> _WHAT YOU ARE ASKED TO DO_
Look below for the line that contains "Dining room boasting", then quote it and all the lines after it, exactly, with the pictures left out.

> _INPUT DATA_

※

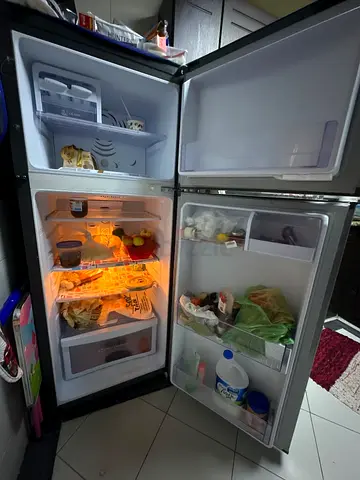 Used double-door refrigerator in good working condition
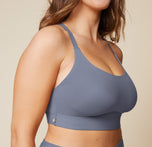 A close-up side view of the Bliss Racerback Bralette in Steel, worn by Summerlyn. The image focuses on the soft fabric and the comfortable fit of the bralette.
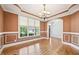 Dining room boasting hardwood floors, decorative moldings, and bright natural light at 204 Plantation Dr, Youngsville, NC 27596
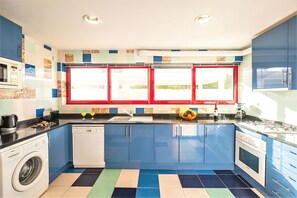 A kitchen with a washing machine, dishwasher, and a window with red frames.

※

> _RESPONSE_
 Dining room boasting hardwood floors, decorative moldings, and bright natural light at 204 Plantation Dr, Youngsville, NC 27596
 A kitchen with a washing machine, dishwasher, and a window with red frames.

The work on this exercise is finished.